La escuela en sí no está hecha para motivar al aprendizaje, ni mucho menos para cuidar, como el valioso tesoro que es, esa curiosidad con la que salen todos los niños de los vientres de sus madres. La escuela, al menos en mi experiencia personal, está hecha para disciplinar (¿mencioné a Foucault?). Y no es que esta función de la escuela tenga algo de intrínsecamente malo: es vital adquirir el hábito de la disciplina si uno pretende vivir en sociedad. Pero esta disciplina no es lo único que una persona necesita para formarse. También es imperioso poder pasar largas horas en ambientes que no estén iluminados con tubos fluorescentes, sino con la luz cósmica de esa estrella alrededor de la cual nuestro singular planetita insiste en girar. Poder dar y recibir abrazos. Poder estar solo y tranquilo para reflexionar.

Lo que la escuela no comprende es que una calificación no alcanza a reflejar ese proceso de creación de puertas mentales. Que el aprendizaje no es un medio para llegar a algún fin, sino que puede y debe ser un fin en sí mismo. Que aprender de memoria no es aprender, porque si no hay un componente emocional asociado al conocimiento, los datos se escurren del cerebro como granos de arena en un puño cerrado. Que los docentes también tienen que poder hacer autocrítica cuando algo no sale bien.

Ahora bien, no estoy diciendo que la escuela sea un monstruo incontrolable que arruina las vidas de la gente. Después de todo, soy hija de dos docentes y jamás me canso de repetirlo con orgullo, porque un docente es alguien que se dedica a entregar a sus alumnos herramientas y materiales para que ellos construyan sus propias puertas.
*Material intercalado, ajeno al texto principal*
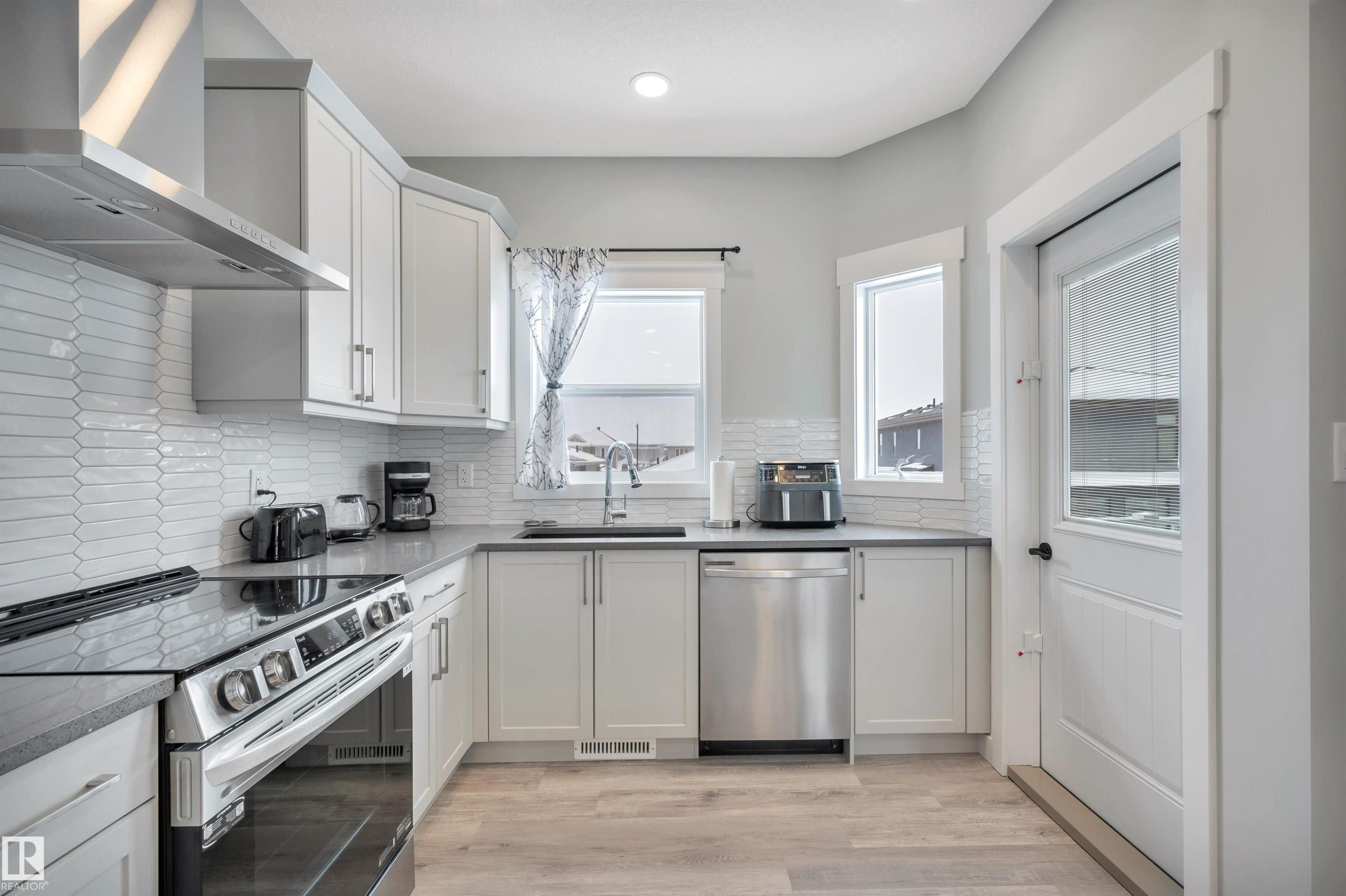 34 150 Everitt Dr, St. Albert, AB - Indoor Photo Showing Kitchen With Upgraded Kitchen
Lo que pasa, desde mi punto de vista, es que existe todo un sistema educativo malogrado que va más allá de los profesionales de la educación. Hay muchos casos donde se demuestra cómo este sistema falla en la transmisión de conocimientos básicos. Por ejemplo, es sabido que una abrumadora mayoría de los alumnos de escuela primaria tienen dificultades para aprender matemática. Una amiga que trabaja como voluntaria dando apoyo escolar en el barrio La Tablada corroboró que todos los chicos que van a buscar ese apoyo necesitan ayuda con esta asignatura. Yo adjudico esto a la complejidad lógica del lenguaje matemático, que requiere para su comprensión de un nivel de abstracción mayor que el lenguaje natural. Pero esta dificultad no es algo nuevo. Hace diez o doce años, cuando yo iba a la primaria, ya era notorio que a la mayoría de nosotros nos costaba mucho entender las fracciones. Eso quiere decir que la alarmante dificultad de los alumnos de escuela primaria para las matemáticas tiene ya más de una década, y el sistema educativo no parece haber invertido muchos recursos en revertir la situación. Si se sabe que hay un problema con la matemática, ¿por qué no cambiar el enfoque de la materia? ¿Por qué no hay más investigaciones destinadas a encontrar las causas de este asunto? Se sigue enseñando matemática de la misma forma que hace diez años y se obtienen resultados cada vez peores. Los docentes se frustran y reaccionan dando más tareas a los estudiantes, agregando tareas de vacaciones y obligándolos a estudiar como forma de castigo. Y ¿qué clase de resultados cabe esperar si se concibe el aprendizaje como un castigo?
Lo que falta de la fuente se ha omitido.